** Try it **
Set down the lines below, exactly, starting at the one that contains "Micro không dây" and stopping at the last line, inclusive. Omit pictures.

START Data block

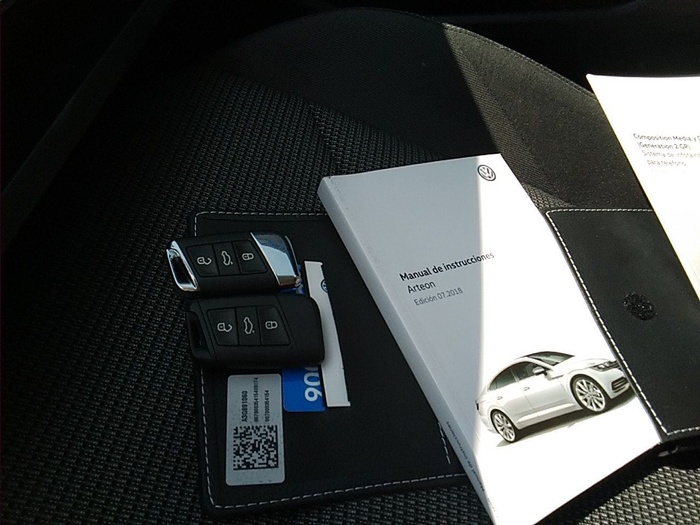 Volkswagen Arteon 2.0 TDI 110 kW (150 CV) DSG Vehículo usado en Madrid Volkswagen Arteon 2.0 TDI 110 kW (150 CV) DSG Vehículo usado en Madrid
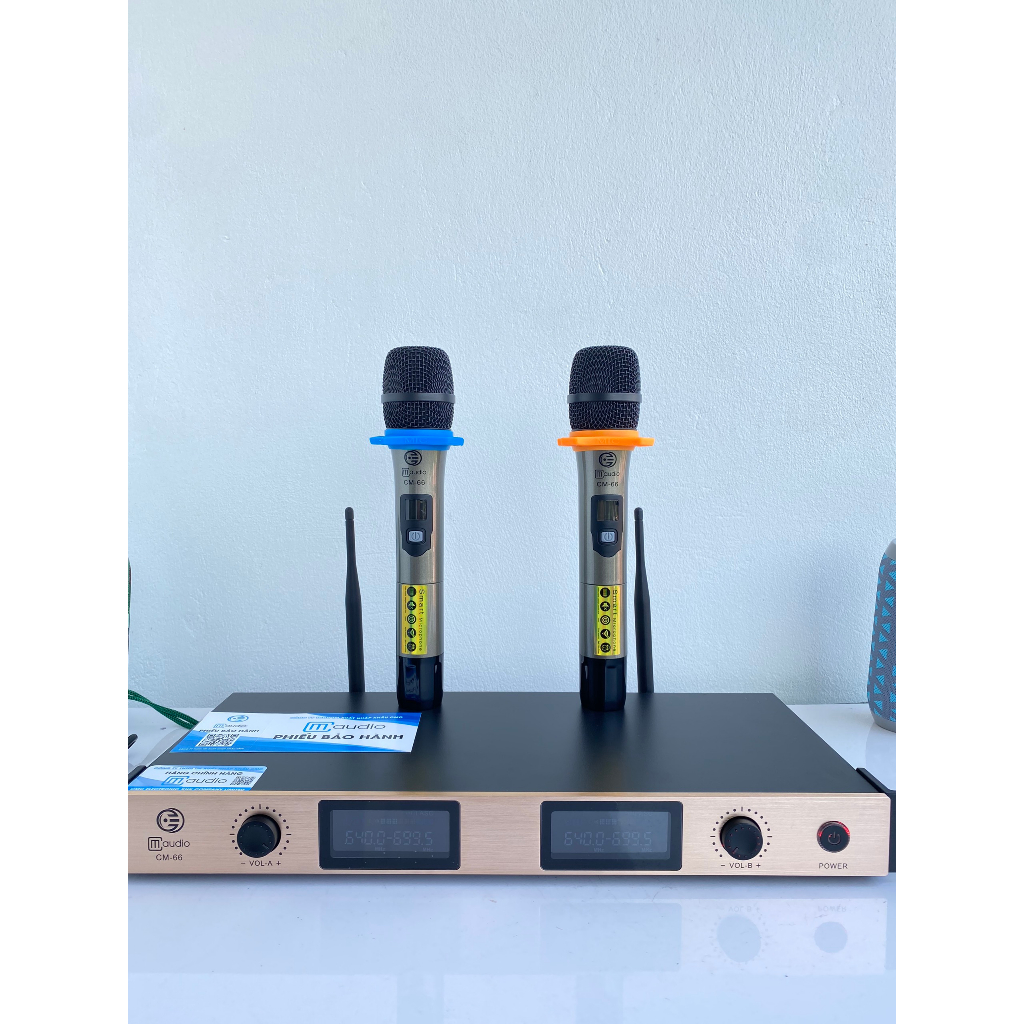 Micro không dây cm66 - hàng nhập khẩu 2023,bảo hành 24 tháng,Tặng kèm khay sạc pin và 4 viên pin 1200mah | BigBuy360 - bigbuy360.vn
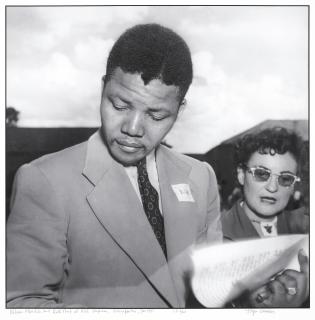 Jürgen Schadeberg - Nelson Mandela And Ruth First At A.N.C. Conference Bloemfontein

END Data block

** Exercise solution **
 Micro không dây cm66 - hàng nhập khẩu 2023,bảo hành 24 tháng,Tặng kèm khay sạc pin và 4 viên pin 1200mah | BigBuy360 - bigbuy360.vn
 Jürgen Schadeberg - Nelson Mandela And Ruth First At A.N.C. Conference Bloemfontein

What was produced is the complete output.